Для «Дон-Кихота» характерно пародийное пересечение хронотопа «чужого чудесного мира» рыцарских романов с «большой дорогой по родному миру» плутовского романа.

В истории освоения исторического времени роман Сервантеса имеет громадное значение, которое, конечно, не определяется лишь этим пересечением знакомых нам хронотопов, тем более что в этом пересечении в корне меняется их характер: оба они получают непрямое значение и вступают в совершенно новые отношения к реальному миру. Но останавливаться на анализе романа Сервантеса мы здесь не можем.

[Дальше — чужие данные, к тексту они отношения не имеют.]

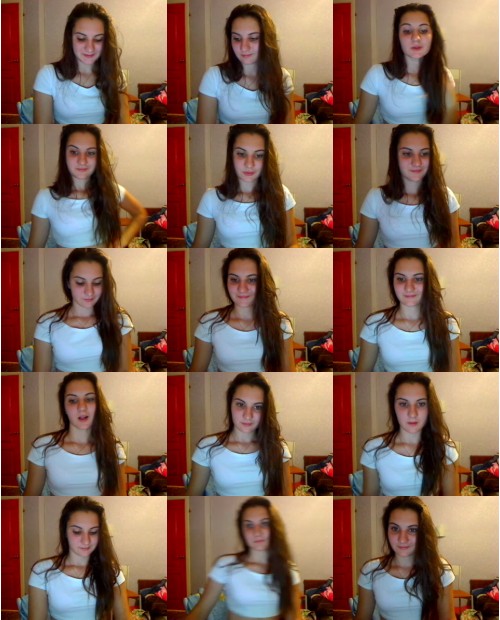 Download Video File: myfreecams greissy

В истории реализма все формы романов, связанные с трансформацией образов плута, шута и дурака, имеют громадное значение, до сих пор еще совершенно не понятое в его сущности. Для более глубокого изучения этих форм необходим прежде всего генетический анализ смысла и функций мировых образов плута, шута и дурака от глубин доклассового фольклора и до эпохи Возрождения. Необходимо учесть громадную (в сущности, ни с чем не сравнимую) роль их в народном сознании, необходимо изучить дифференциацию этих образов — национальную и локальную (местных шутов было, вероятно, не меньше, чем местных святых) и особую роль их в национальном и местном самосознании народа. Далее, особую трудность представляет проблема их трансформации при переходе этих образов в литературу вообще (не драматическую), а в частности, в роман. Обычно недооценивается, что здесь по особым и специфическим путям восстанавливалась порванная связь литературы с народной площадью. Кроме того, здесь обретались формы для публикации всех неофициальных и запретных сфер человеческой жизни — в особенности половой и витальной сферы (совокупление, еда, вино), и происходила расшифровка соответствующих скрывающих их символов (бытовых, обрядовых и официально-религиозных). Наконец, особую трудность представляет проблема того прозаического иносказания, если угодно, той прозаической метафоры (хотя она совсем не похожа на поэтическую), которую они принесли в литературу и для которой нет даже адекватного термина («пародия», «шутка», «юмор», «ирония», «гротеск», «шарж» и т. п. — только узкословесные разновидности и оттенки ее). Ведь дело идет об иносказательном бытии всего человека вплоть до его мировоззрения, отнюдь не совпадающем с игрой роли актером (хотя и есть точка соприкосновения). Такие слова, как «шутовство», «кривляние», «юродство», «чудачество», получили специфическое и узкое бытовое значение. Поэтому великие представители этого прозаического иносказания создавали ему свои термины (от имен своих героев): «пантагрюэлизм», «шендеизм». Вместе с этим иносказанием в роман вошла особая сложность и многоплановость, появились промежуточные хронотопы, например театральный хронотоп. Наиболее яркий пример (один из многих) его открытого введения — «Ярмарка тщеславия» Теккерея. В скрытой форме промежуточный хронотоп кукольного театра лежит в основе «Тристрама Шенди». Стернианство — стиль деревянной куклы, управляемой и комментируемой автором. (Таков, например, и скрытый хронотоп гоголевского «Носа» — «Петрушка».)

В эпоху Возрождения указанные формы романа разрушали ту потустороннюю вертикаль, которая разложила формы пространственно-временного мира и их качественное живое наполнение. Они подготовили восстановление пространственно-временной материальной целостности мира на новой, углубленной и осложненной ступени развития. Они подготовили освоение романом того мира, в котором в это же самое время открывалась Америка, морской путь в Индию, который раскрывался для нового естествознания и математики. Подготовлялось и совершенно новое видение и изображение времени в романе.

На анализе романа Рабле «Гаргантюа и Пантагрюэль» мы надеемся конкретизировать все основные положения настоящего раздела.


[1] Имеется, конечно, и громадная общность мотивов.